While treatments for chronic diarrhea of infancy aren't clear cut, it is crucial to address the complications of dehydration that may arise from chronic diarrhea with the American Academy of Pediatrics (AAP) guidelines recommendation of oral rehydration therapy (ORT). Oral rehydration solution (ORS), recommended by both AAP and the World Health Organization (WHO), must be composed of 50-90mEq/L sodium and 2% glucose or other complex carbohydrates. ORS is easily found in the US because it is available without a prescription. The typical amount of ORS administered is 50mL/kg over a 4-hour time period for mild dehydration and 100mL/kg over a 4-hour time period for moderate dehydration with an extra 10mL/kg for every loose stool. Repeat this administration regimen for as long as the signs and symptoms of dehydration continue. It is important to take measures early on to maintain hydration. Along with ORT, WHO recommends a 10-14 day course of 20 mg zinc tablet supplementation, stating it will shorten the length of diarrhea and potentially improving harmful outcomes.

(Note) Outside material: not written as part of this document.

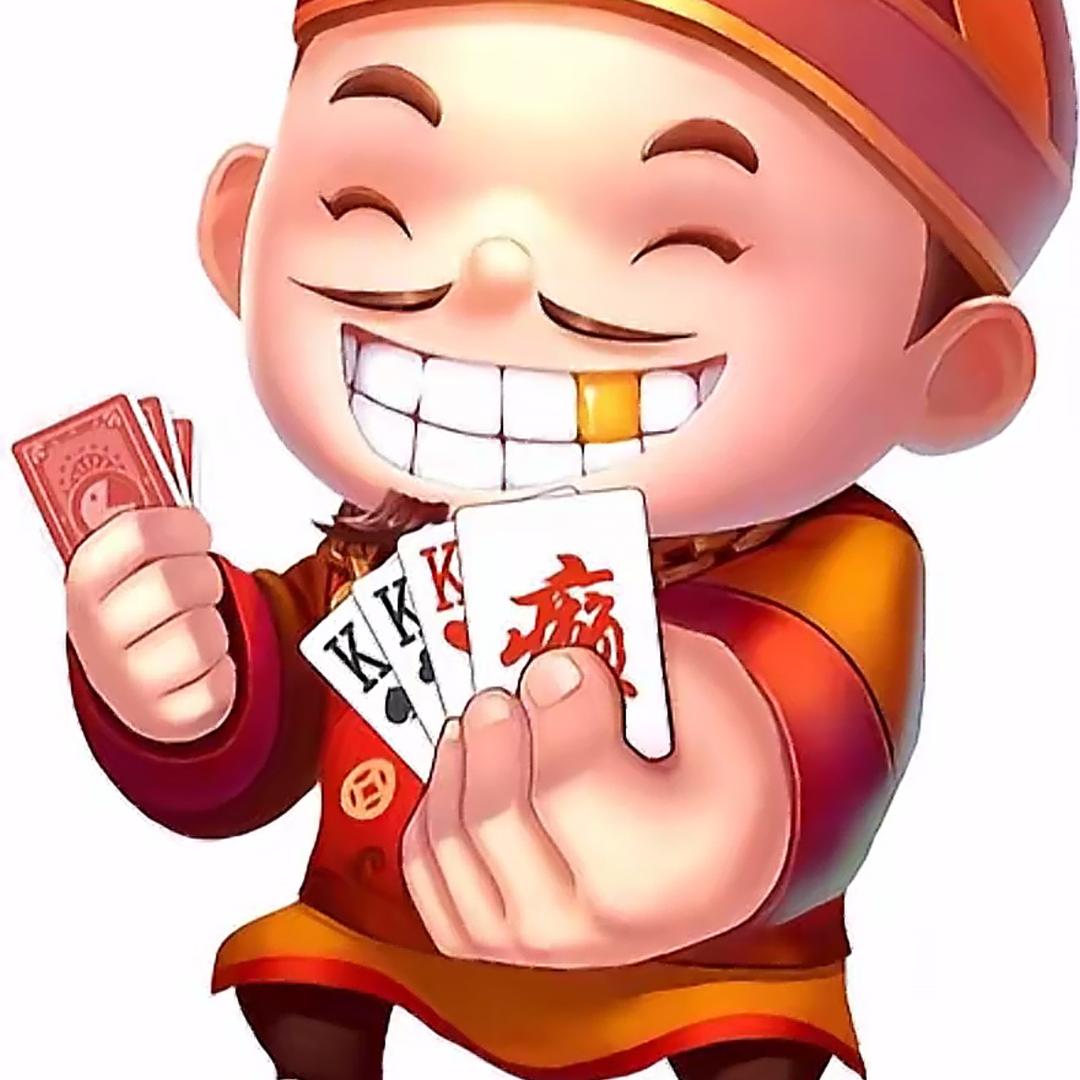 斗地主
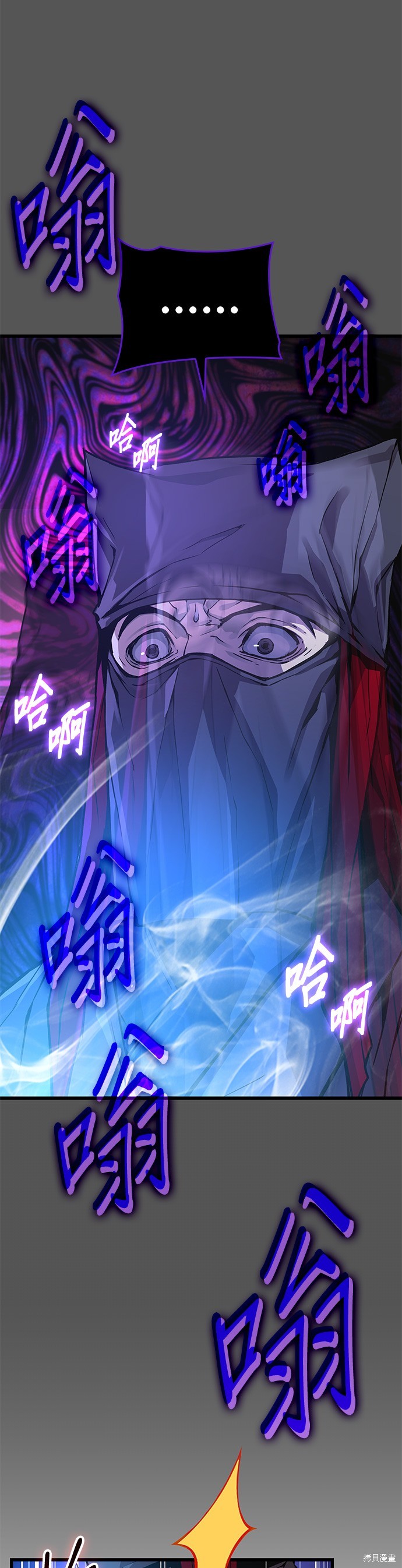 怪力乱神第46话在线观看 - 第57张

The NIDDK recommends a visit to the doctor when a child experiences stools containing pus or blood (black, tarry, or coffee ground-like appearance), signs of dehydration, diarrhea longer than 24 hours, or a fever of 102 degrees or more.

== Epidemiology ==
Diarrheal illness in children accounts for 1.5 to 2.5 million deaths per year worldwide. It is responsible for the secondary cause of mortality among children less than 5 years of age surpassing the combined childhood deaths from malaria, measles, and AIDS. In 2009, the World Health Organization (WHO)/United Nations International Children's Emergency Fund (UNICEF) reported 2.5 billion cases of diarrhea in children less than 5 years old. More than half of the cases occurred in Africa and South Asia. It is estimated that Africa and South Asia comprise more than 80% of deaths from diarrhea in children. In fact, about 75% of the childhood deaths from diarrhea come from only 15 countries. According to the World Health Organization (WHO), the proportion of deaths attributable to diarrheal illness among children less than 5 years of age was 13.2% in 2002. Half of these childhood deaths were due to chronic diarrheal causes.

Worldwide, studies estimate that diarrheal illness affects 3 to 20% of children under the age of 5 with an incidence of 2.7 episodes of diarrhea per child-year. Developing nations experience higher burden of disease and mortality from chronic diarrhea in children compared to developed nations. In the United States, it is reported that 15 to 20% of young children have an episode of acute diarrhea each year. Compared to worldwide estimates, the United States has a lower incidence rate of chronic diarrhea in young children reported at 0.18 episodes per child year. In pediatrics, diarrhea is a common complaint making up 9% of U.S. hospital visits for children less than 5 years old. In contrast to resource-poor nations, resource-rich nations such as the United States experience less chronic diarrhea severity. In the United States, approximately a quarter of chronic diarrhea cases in young children seek medical care and less than 1% of cases are hospitalized.